I got a fun one the other day. It opened with an add for 1-800-PetMeds, but clearly wasn't from that company. The email was raw text and the links weren't even close to what they were claiming. Since I had the safety of reading the email via Lynx and Mutt (as in, I only got text) so I started poking around...

Without further ado, Fun With Spam!

Lets start with the Unsubscribe options that were listed at the bottom of the email:
To unsubscribe Go to:
<url>
Or write to: 1441 SW 29th Avenue Pompano Beach, FL 33069
Please refer all questions, opinions or additional feedback to
freshhealthystuff@gmail.com or write to:
Fresh Healthy Stuff
1465 Woodbury Avenue
# 334
Portsmouth, NH 03801

Okay, which is it: the Florida address or the New Hamshire one? I wouldn't click on the URL if you paid me, but lets find out where it points to and see if it provides some hints as to which address might win. I honestly doubt there is a physical office attached to this, but we'll see.
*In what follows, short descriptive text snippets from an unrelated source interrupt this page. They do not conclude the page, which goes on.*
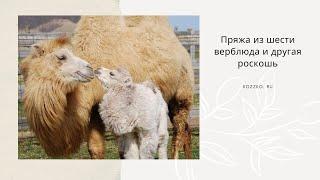 Пряжа из шерсти верблюда и другая роскошь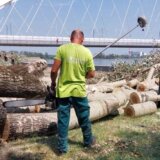 Novi Sad otvorio račun za prikupljanje donacija za obnovu zelenih površina 7
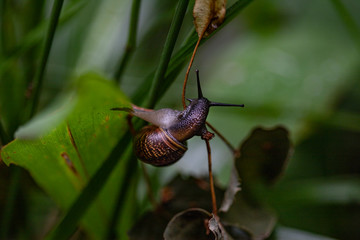 Forest snail on a green background
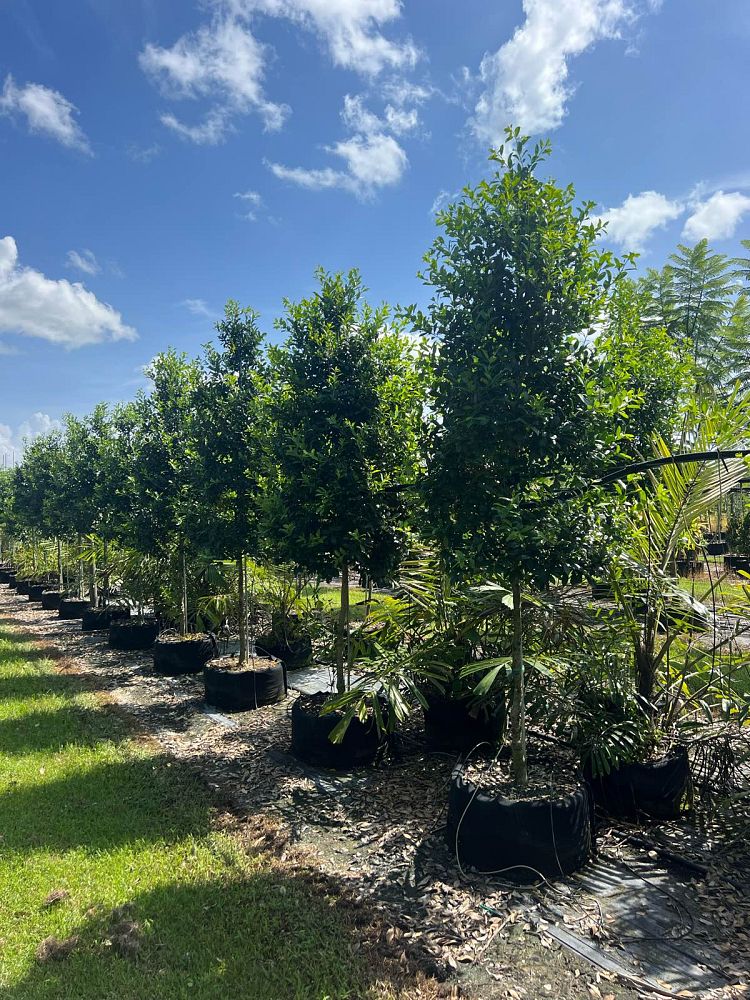 ilex-x-attenuata-eagleston-holly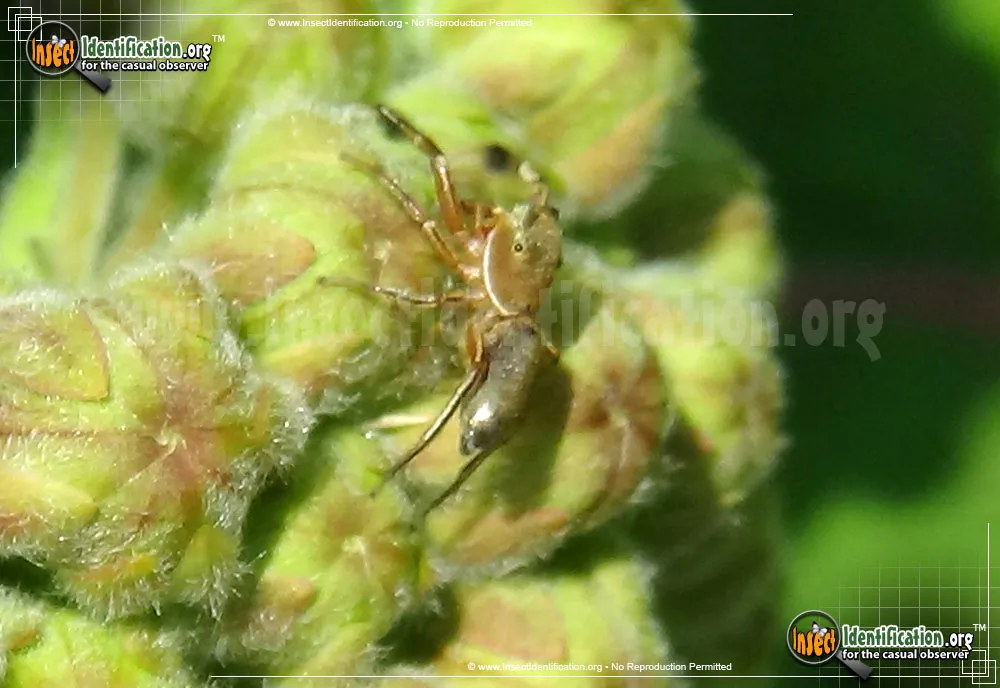 Jumping Spider - photo 3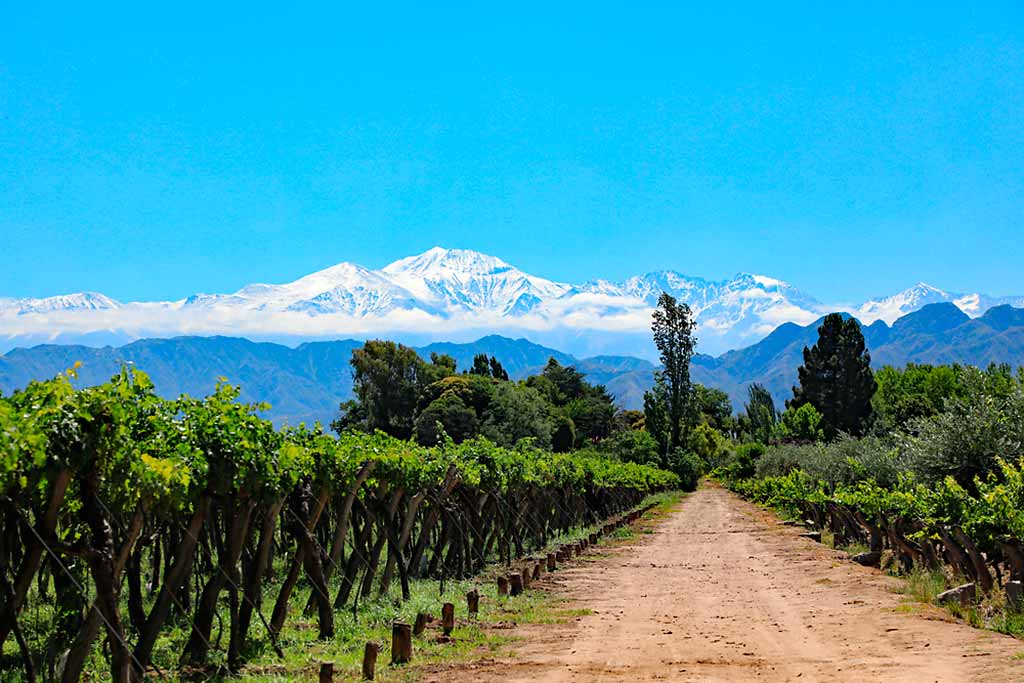 argentina-mendoza-vigneti-malbec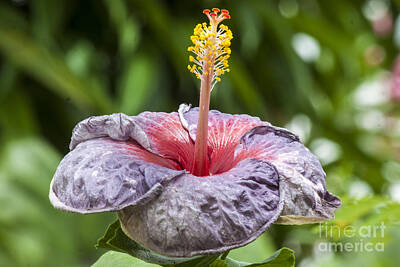 Wilderness Camping - Purple hibiscus aka Moody blue by Darleen Stry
All of the URLs in the email point to rare-term-insurance.net so lets see who that is.
indiantown, fl, 34956
Yes fellow geeks, I'm giving them some level of privacy. If you were good enough to recognize that, you are good enough to look up the rest yourself. *grins*

Hmm, that's 3 physical addresses now. All the email addresses and links all point to the same domain. Lets take a look at what a websurfer would get using wget. First up, we get bounced from the rare-term-insurance.net domain over to users.marketleverage.com who says their physical offices are in
Heathrow, FL 32746
Another vote for somewhere in Florida, and our 4th unique address. Now the fun has begun. The script for the page at users.marketleverage.com looks like a complete front end to 1800PetMeds.com.

I didn't dig too deep here, but this is starting to look like a phishing scam. I bet if we dug deep enough we could figure out what details are being collected. Account information and credit cards more than likely, but I've spent enough time on this one - I forwarded it to the actual petmeds guys for them to deal with.
--
Moral of the story; be sure of what you are cliking on before you click on it! I doubt you'd notice much of a difference between the non-1800petmeds site and the real petmeds site, aside from some requiring extra email validation, etc.

The best joke? This site boasts "HACKER SAFE certified sites prevent over 99.9% of hacker crime."

And I guarantee someone believed it.

1 comment:

Mr. X said...

Wait, isn't there a law banning hacking? I thought that passing a law prevented this. How dare they?